Górnik Zabrze – Lech Poznań (środa 18:00)
Starcie dwóch wielkich firm polskiego futbolu. Zabrzanie zajmują 6. miejsce w tabeli, ale w trzech ostatnich spotkaniach zdobyli zaledwie dwa punkty. Lech jest liderem, ale wiosną potknął się już dwa razy. Najważniejsze dla fanów Kolejorza jest jednak to, że w ostatni weekend udało się pokonać Pogoń Szczecin i wrócić na fotel lidera. Nikt w Poznaniu nie ukrywa, że celem na 100-lecie klubu jest podwójna korona – mistrzostwo i puchar. Droga do tego sukcesu wiedzie jednak przez Zabrze. Pod koniec lipca w 2. kolejce sezonu Lechici wygrali w Zabrzu 3:1, choć to gospodarze prowadzili 1:0. Rewanż w Poznaniu także padł łupem Lecha (2:1). Czy Maciej Skorża ustrzeli swoisty hat-trick przeciwko Janowi Urbanowi? Lech jest faworytem, ale tak jak w wypadku Wisły i Rakowa – faworyt gra na wyjeździe.

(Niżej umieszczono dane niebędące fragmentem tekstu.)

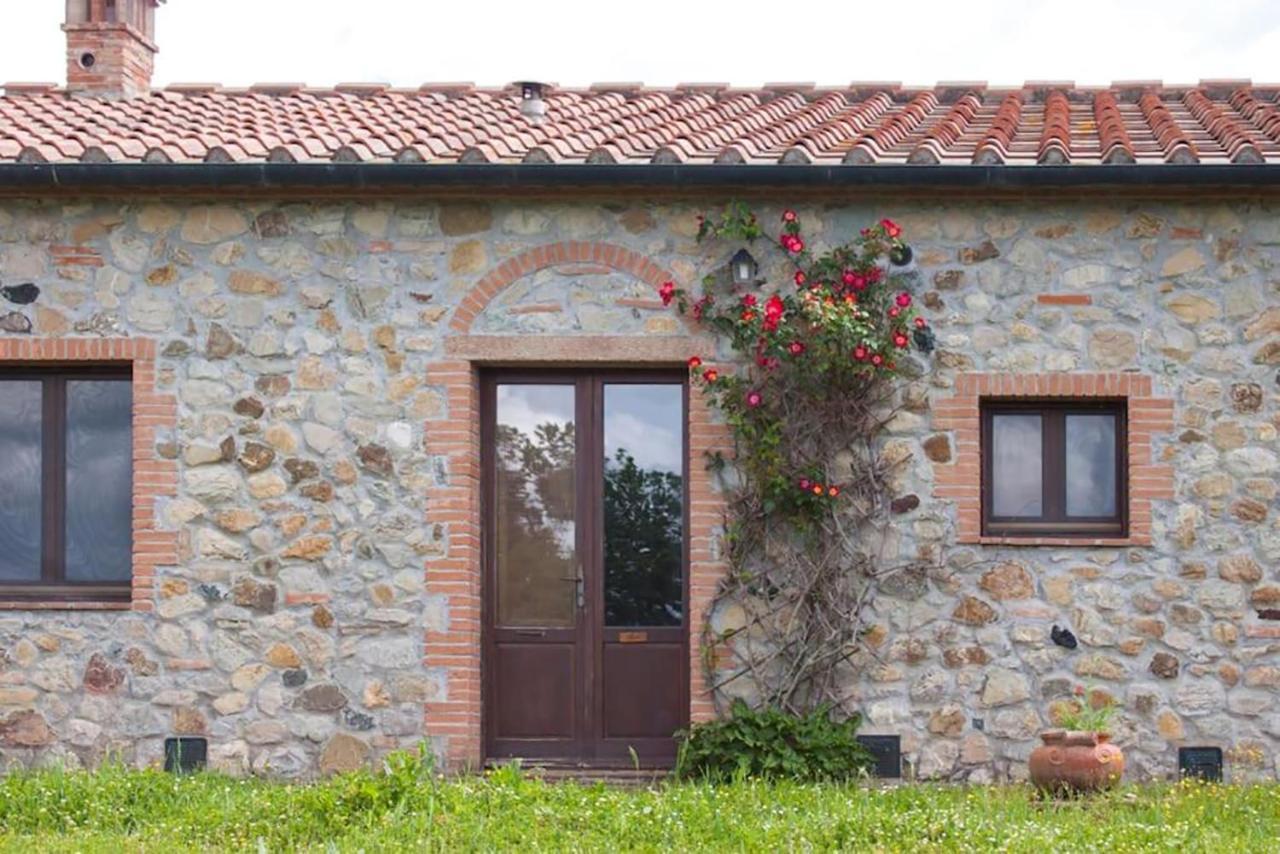 Agriturismo Fattoria Di Statiano Pomarance Exterior foto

Droga Górnika do ćwierćfinału? Zwycięstwo z Radomiakiem 2:0, ze Ślęzą Wrocław 2:1 i wreszcie po rzutach karnych z Piastem Gliwice. Ten ostatni mecz to jedyne spotkanie Pucharu Polski w tym roku. Rywalizacja została przełożona z jesieni, gdyż wówczas w Piaście Gliwice panowała epidemia koronawirusa. W ostatni weekend Górnik znów zmierzył się z Piastem, znów było 0:0, ale tym razem w lidze.
Legia Warszawa – Górnik Łęczna (środa 20:45)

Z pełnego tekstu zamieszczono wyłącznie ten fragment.